The substantive concern Borg is pointing at

Even with the '80%' figure overstated, the substantive concern behind the framing has substance: a meaningful share of young Maltese express dissatisfaction with quality-of-life factors. The EY 2022 survey's 72-77% 'would rather live outside' is genuinely high. The MaltaToday 2024 finding of 42.7% under-25s wishing they were born elsewhere is significant. PN's broader policy framing — that Malta's economic growth has come with quality-of-life costs that young people feel acutely — has real survey support.

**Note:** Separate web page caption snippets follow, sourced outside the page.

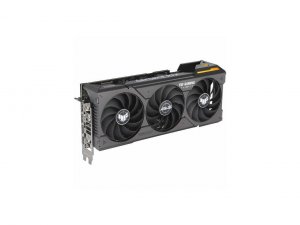 Asus ROG-STRIXRTX4060TIO8GGMNG Vcx Strix-rtx4060ti-o8g-gamin Geforce R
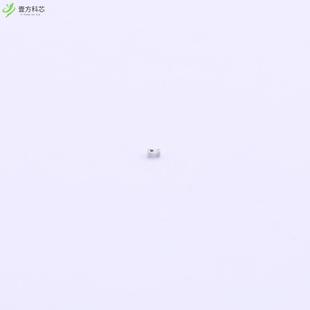 ±0.3nH 1.1nH 600mA SDCL0603Q1N1ST02B02 原厂原装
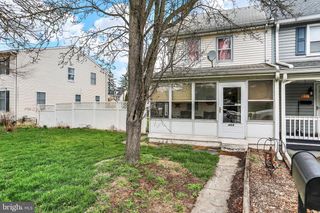 468 ELIZABETH ST, Highspire, PA 17034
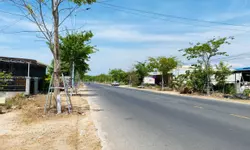 Bán nhà KDC Lương Thực, Tân An, LaGi giá ngộp 2.4 tỷ-anh-12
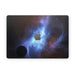Pulsar - Apple MacBook Skin - eZthings USA WE SORT ALL THE CRAZIEST GADGETS, GIZMOS, TOYS & TECHNOLOGY, SO YOU DON'T HAVE TO.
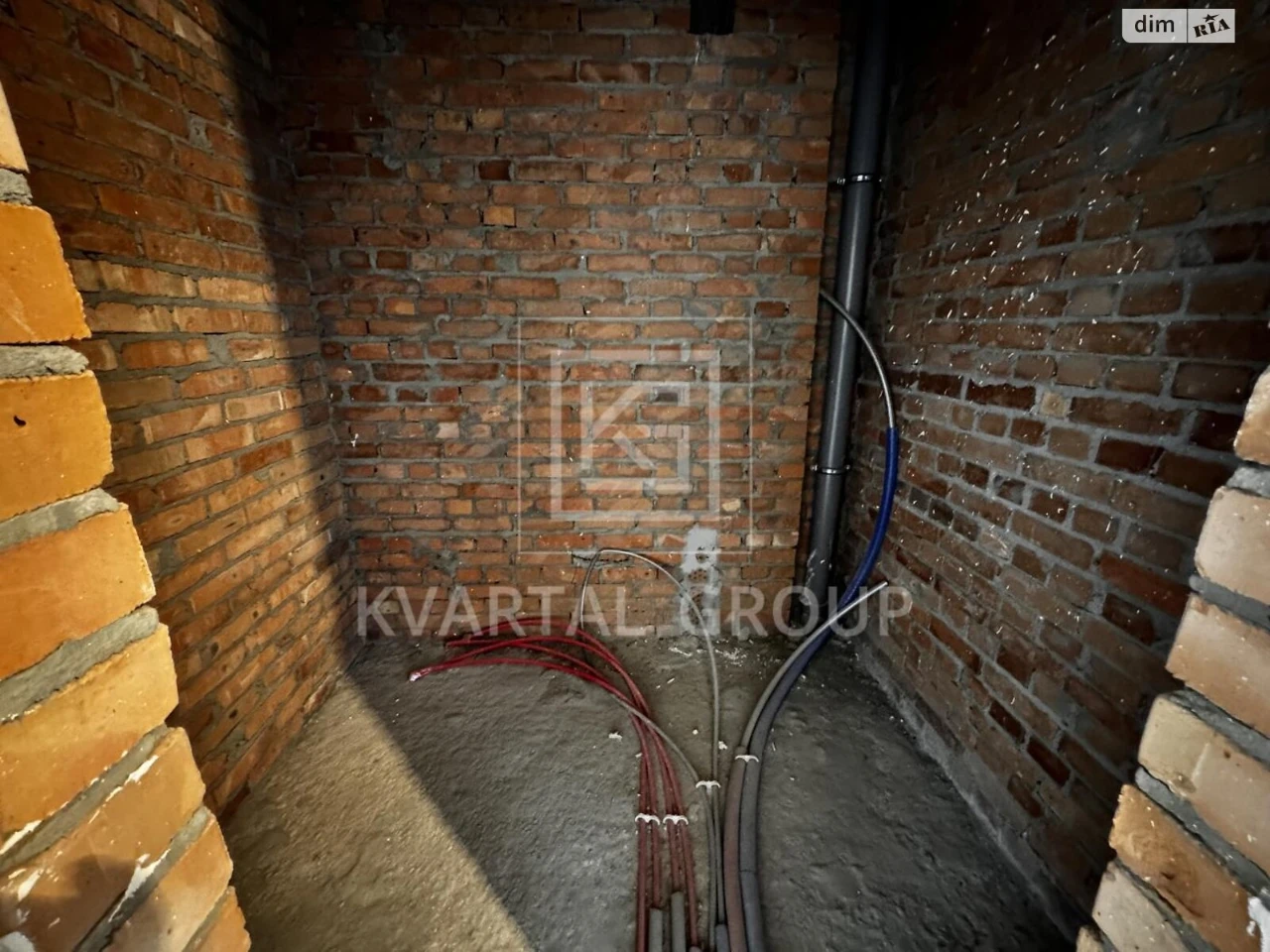 Apartment for Sale in Irpin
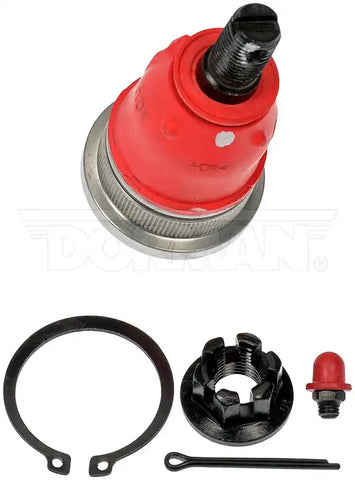 DORMAN B90255RD BALL JOINT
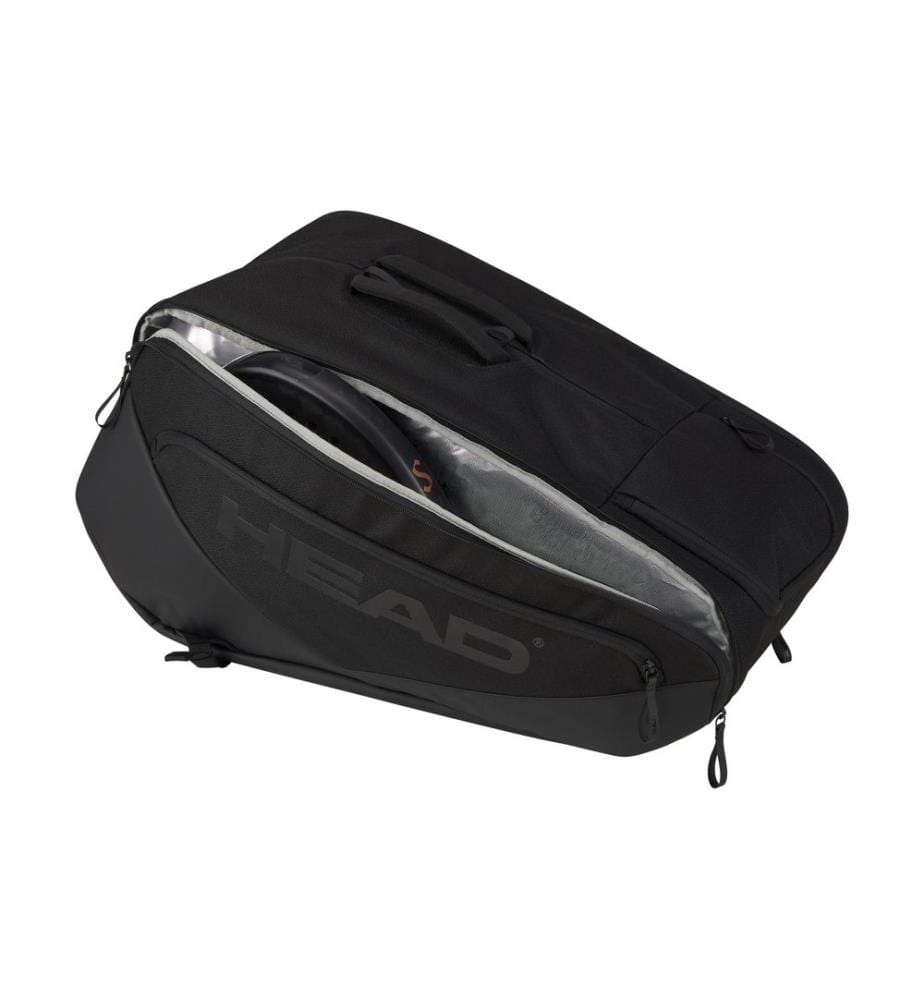 HEAD - Pro X Padel Bag L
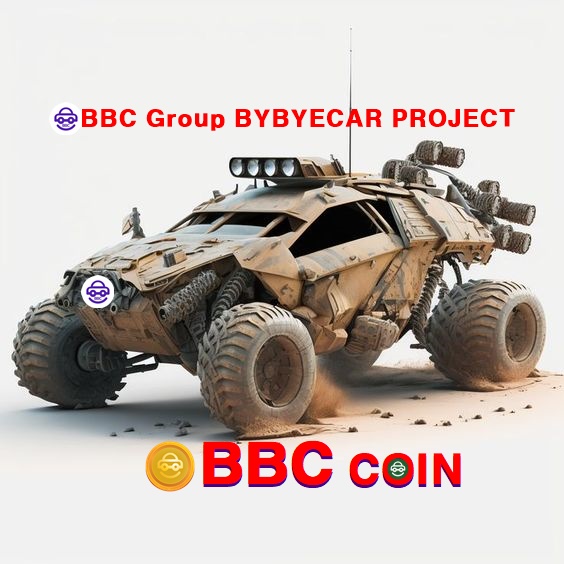 니즈바이 이미지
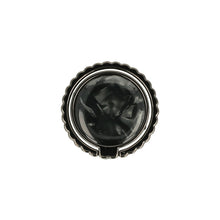 Заредете изображение във визуализатора на галерията – Ring JEWEL - Black

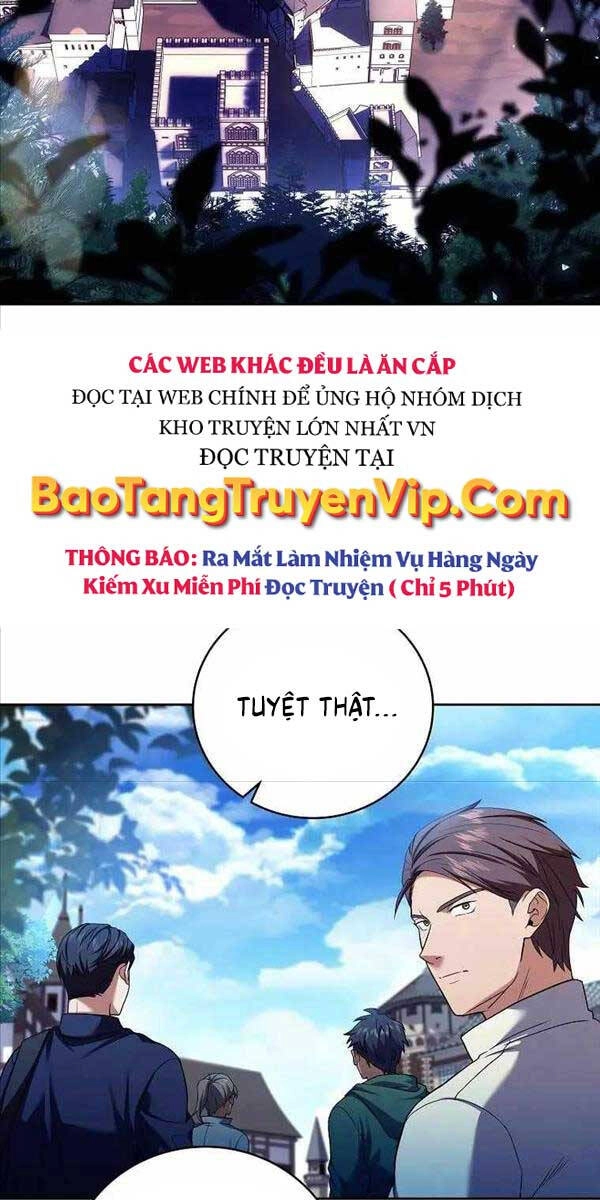 Sự Trở Lại Của Người Chơi Bị Đóng Băng Chapter 98 - 73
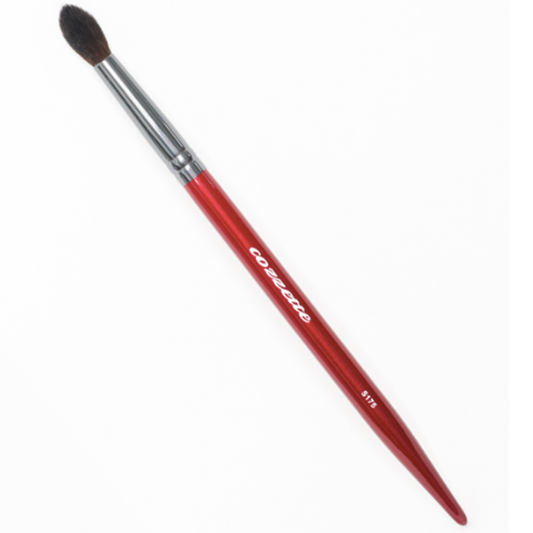 Cozzette S175 Eye Contour Brush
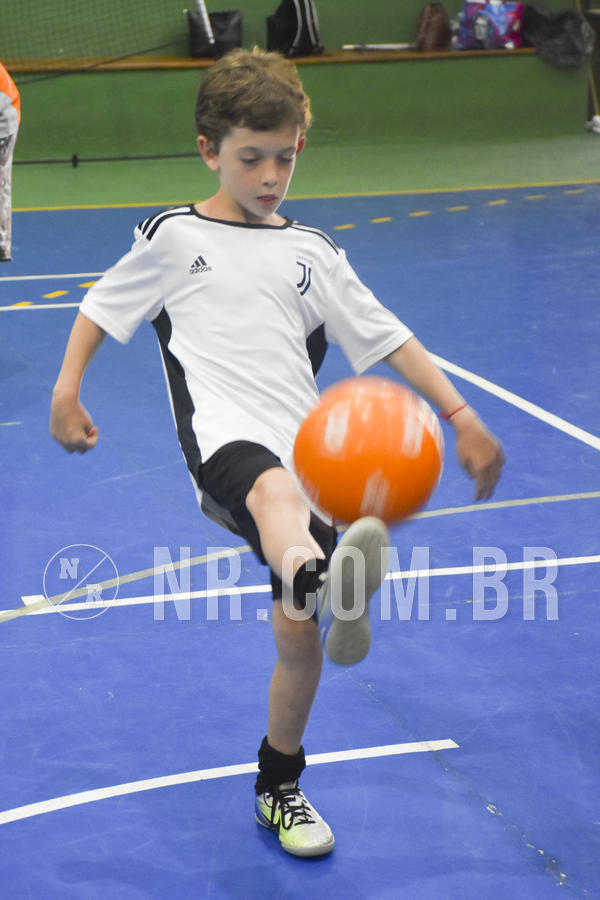 Buy your photos of the eventNR2 Juventus Camp 21 a 27/01/19  on Fotop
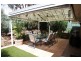 33 Baume Circuit, Old Reynella SA 5161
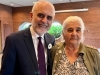AMBASADOR AVDOVIĆ BEZ DILEME: 'Majke Srebrenice zaslužuju Nobelovu nagradu za mir, članstvo Bosne i Hercegovine u NATO-u najbolje rješenje za sve'
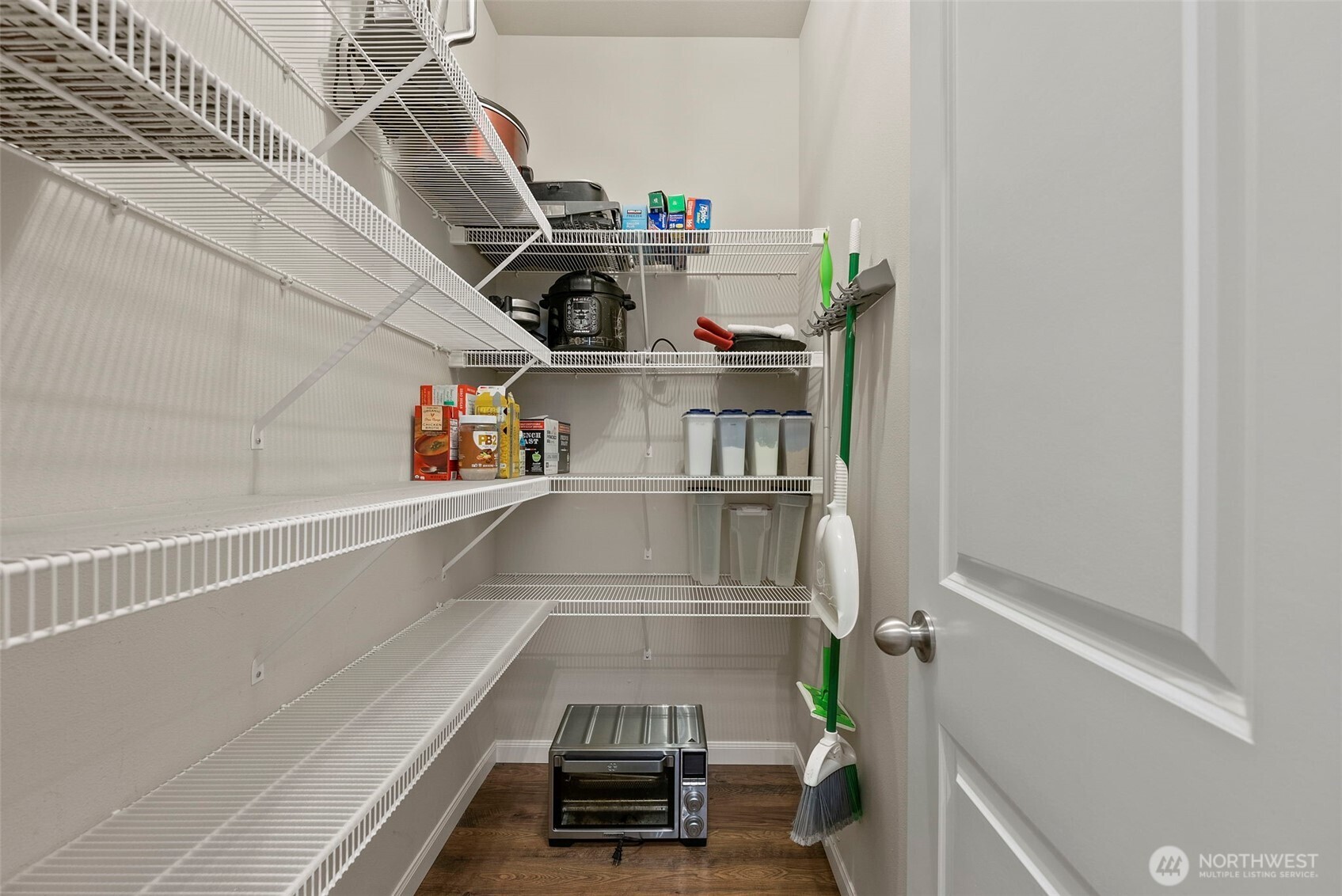 4178 Novak Drive Property Photo 15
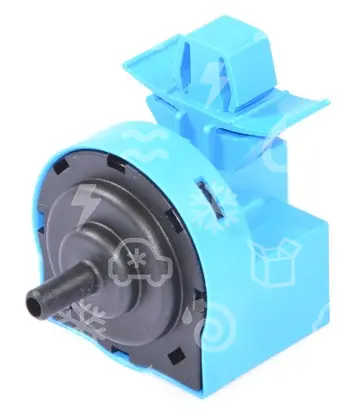spínač hladinový ELECTROLUX, (3792216032, 1325162046)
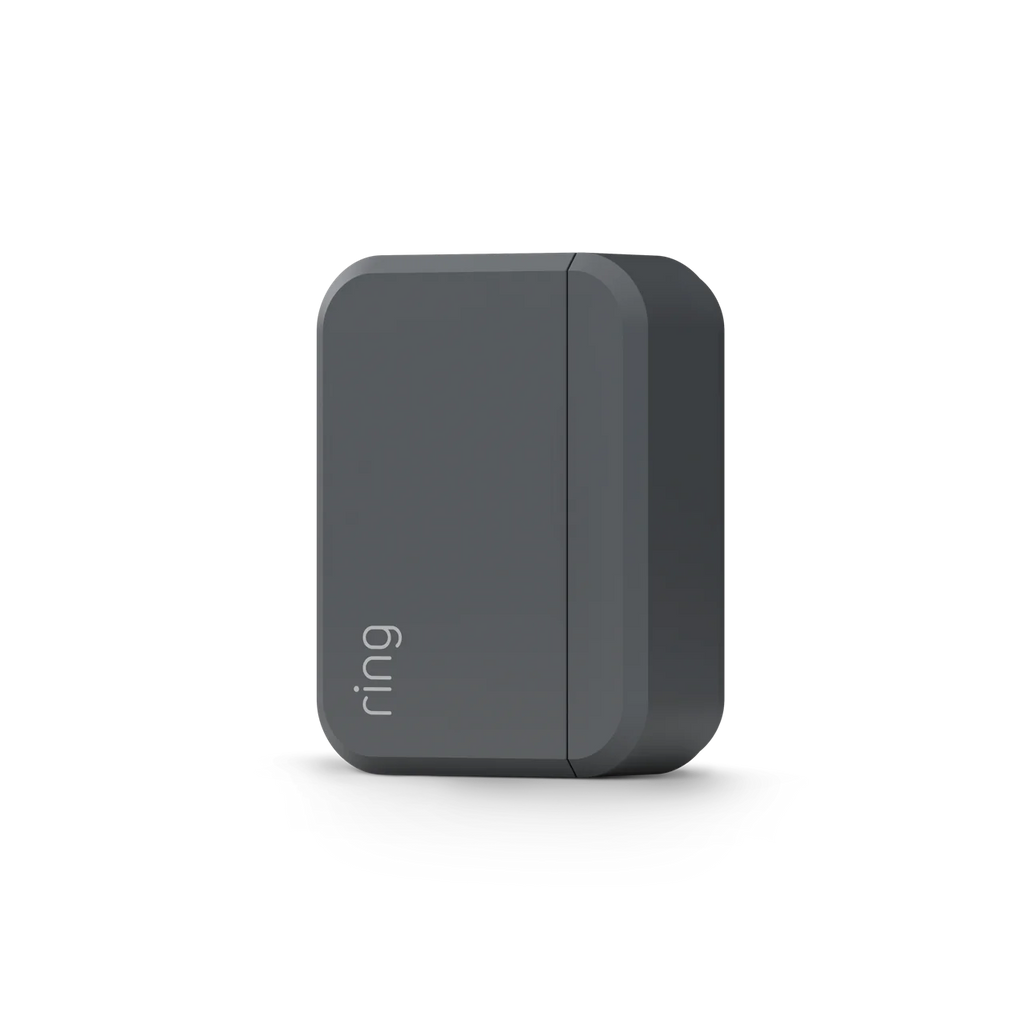 Ring Alarm Auenkontakt
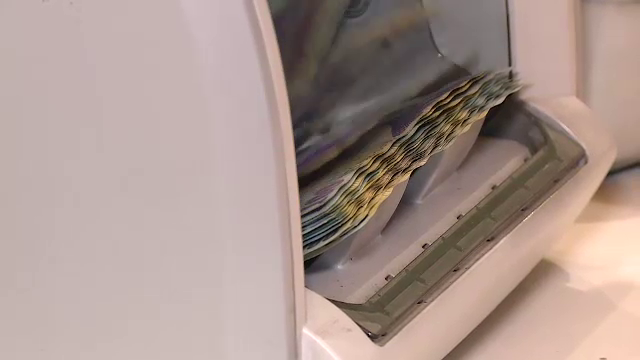 Guvernul a decis suplimentarea bugetelor STS și ale altor instituții din Fondul de rezervă. Procedura este contestată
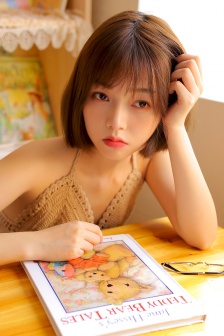 鬼怪下载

What the data doesn't support is the specific '80%' headline figure or the implication that young Maltese are actually leaving in the numbers the rhetoric implies.

Cross-EU comparison

Maltese youth emigration aspirations are within the range of other small/mid-sized European democracies. Greek and Italian youth surveys typically show 60-70% saying they'd consider working abroad. UK youth surveys range 40-60% depending on the question framing. What's distinctive about Malta is the gap between high aspirational responses and low actual emigration — fewer Maltese youth follow through on the aspiration than peer-country youth do.

So is the claim accurate?

No, on both counts. The specific 80% figure is not supported by any documented survey — the closest are 72% (Gen-Z) and 77% (Millennials) from the EY 2022 study. And the 'want to leave' framing is contradicted by the NSO Maltese-citizen migration data: since 2018 more Maltese have returned than left, including +400 net return for youths 15-29 across 2022-2023. The number is wrong by at least three percentage points, and the underlying behavioural pattern points the opposite direction. Per Spunt's literal-verdict standard, when the claim's wording is contradicted by the data on both fronts, the verdict is False.